*** Material provided ***

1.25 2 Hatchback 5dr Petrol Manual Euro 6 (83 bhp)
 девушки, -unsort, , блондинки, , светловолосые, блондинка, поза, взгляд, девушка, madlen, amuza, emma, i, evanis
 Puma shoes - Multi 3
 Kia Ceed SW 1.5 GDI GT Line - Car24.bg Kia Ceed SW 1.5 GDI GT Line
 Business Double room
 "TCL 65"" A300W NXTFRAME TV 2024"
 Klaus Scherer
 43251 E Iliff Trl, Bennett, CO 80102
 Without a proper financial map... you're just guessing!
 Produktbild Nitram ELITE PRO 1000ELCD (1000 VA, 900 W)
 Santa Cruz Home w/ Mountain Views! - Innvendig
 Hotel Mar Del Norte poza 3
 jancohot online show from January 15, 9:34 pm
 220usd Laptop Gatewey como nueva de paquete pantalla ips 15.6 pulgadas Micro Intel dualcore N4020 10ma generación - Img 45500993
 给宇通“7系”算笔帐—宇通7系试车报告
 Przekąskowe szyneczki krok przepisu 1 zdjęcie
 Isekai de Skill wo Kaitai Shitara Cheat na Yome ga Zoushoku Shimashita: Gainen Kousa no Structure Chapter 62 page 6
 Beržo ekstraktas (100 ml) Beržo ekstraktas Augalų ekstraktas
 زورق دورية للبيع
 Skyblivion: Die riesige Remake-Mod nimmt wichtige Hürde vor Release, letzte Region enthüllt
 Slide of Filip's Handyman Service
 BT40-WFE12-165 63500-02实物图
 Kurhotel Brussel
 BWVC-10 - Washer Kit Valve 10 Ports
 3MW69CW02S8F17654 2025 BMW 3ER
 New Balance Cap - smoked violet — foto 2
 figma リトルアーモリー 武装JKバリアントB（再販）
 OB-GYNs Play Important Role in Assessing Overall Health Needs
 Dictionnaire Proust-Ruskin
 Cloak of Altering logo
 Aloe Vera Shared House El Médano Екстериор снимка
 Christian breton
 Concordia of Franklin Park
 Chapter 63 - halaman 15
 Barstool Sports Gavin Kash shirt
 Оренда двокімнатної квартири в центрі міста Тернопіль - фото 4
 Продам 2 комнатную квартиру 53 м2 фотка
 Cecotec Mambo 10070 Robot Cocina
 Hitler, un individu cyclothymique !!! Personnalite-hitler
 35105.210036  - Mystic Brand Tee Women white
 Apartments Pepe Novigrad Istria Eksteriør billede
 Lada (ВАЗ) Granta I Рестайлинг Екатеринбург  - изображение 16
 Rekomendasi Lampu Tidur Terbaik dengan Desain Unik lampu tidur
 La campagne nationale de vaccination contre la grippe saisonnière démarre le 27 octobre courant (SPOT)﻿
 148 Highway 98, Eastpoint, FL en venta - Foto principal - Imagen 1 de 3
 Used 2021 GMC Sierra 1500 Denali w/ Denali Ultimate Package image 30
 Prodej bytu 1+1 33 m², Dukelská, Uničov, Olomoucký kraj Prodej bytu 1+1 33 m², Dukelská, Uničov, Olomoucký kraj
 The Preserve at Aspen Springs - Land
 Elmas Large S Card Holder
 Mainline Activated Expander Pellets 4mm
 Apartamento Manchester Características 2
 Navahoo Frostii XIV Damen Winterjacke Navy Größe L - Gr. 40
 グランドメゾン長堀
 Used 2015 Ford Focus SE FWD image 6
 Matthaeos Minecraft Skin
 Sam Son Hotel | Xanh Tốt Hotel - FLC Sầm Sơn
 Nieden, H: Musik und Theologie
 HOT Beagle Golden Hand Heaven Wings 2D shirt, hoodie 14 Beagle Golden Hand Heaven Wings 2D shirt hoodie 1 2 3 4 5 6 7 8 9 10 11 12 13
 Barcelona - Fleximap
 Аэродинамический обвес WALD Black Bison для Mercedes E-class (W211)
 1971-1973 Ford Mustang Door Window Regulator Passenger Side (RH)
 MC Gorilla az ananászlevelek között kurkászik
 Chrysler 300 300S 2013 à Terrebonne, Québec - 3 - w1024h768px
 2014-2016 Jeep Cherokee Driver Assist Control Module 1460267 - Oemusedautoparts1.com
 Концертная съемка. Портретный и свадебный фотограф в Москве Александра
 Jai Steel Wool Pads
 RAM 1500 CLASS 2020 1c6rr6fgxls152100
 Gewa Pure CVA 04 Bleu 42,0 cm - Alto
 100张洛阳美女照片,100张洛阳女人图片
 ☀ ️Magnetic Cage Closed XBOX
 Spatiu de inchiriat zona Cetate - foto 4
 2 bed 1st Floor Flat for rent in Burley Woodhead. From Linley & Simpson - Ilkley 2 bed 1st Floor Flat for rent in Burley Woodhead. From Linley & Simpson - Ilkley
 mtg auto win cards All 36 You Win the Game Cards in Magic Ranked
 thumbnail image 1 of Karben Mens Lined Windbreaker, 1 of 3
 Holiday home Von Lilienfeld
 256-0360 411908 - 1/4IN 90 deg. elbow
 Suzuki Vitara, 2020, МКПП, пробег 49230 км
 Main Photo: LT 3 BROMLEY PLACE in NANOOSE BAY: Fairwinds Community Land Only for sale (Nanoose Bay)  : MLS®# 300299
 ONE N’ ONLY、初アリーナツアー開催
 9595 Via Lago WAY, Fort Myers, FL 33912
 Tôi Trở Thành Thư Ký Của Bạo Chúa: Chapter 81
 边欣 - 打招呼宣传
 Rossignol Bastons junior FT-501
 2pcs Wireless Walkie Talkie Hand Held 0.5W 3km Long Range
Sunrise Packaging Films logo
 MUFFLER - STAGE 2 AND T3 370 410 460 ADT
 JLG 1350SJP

*** End of Material provided ***

▶ **What is expected**
Using the data above, print exactly the lines from the line that contains "Isekai de Skill" through the line that contains "BT40-WFE12-165 63500-02实物图", with both included.

▶ **Solution to this task**
 Isekai de Skill wo Kaitai Shitara Cheat na Yome ga Zoushoku Shimashita: Gainen Kousa no Structure Chapter 62 page 6
 Beržo ekstraktas (100 ml) Beržo ekstraktas Augalų ekstraktas
 زورق دورية للبيع
 Skyblivion: Die riesige Remake-Mod nimmt wichtige Hürde vor Release, letzte Region enthüllt
 Slide of Filip's Handyman Service
 BT40-WFE12-165 63500-02实物图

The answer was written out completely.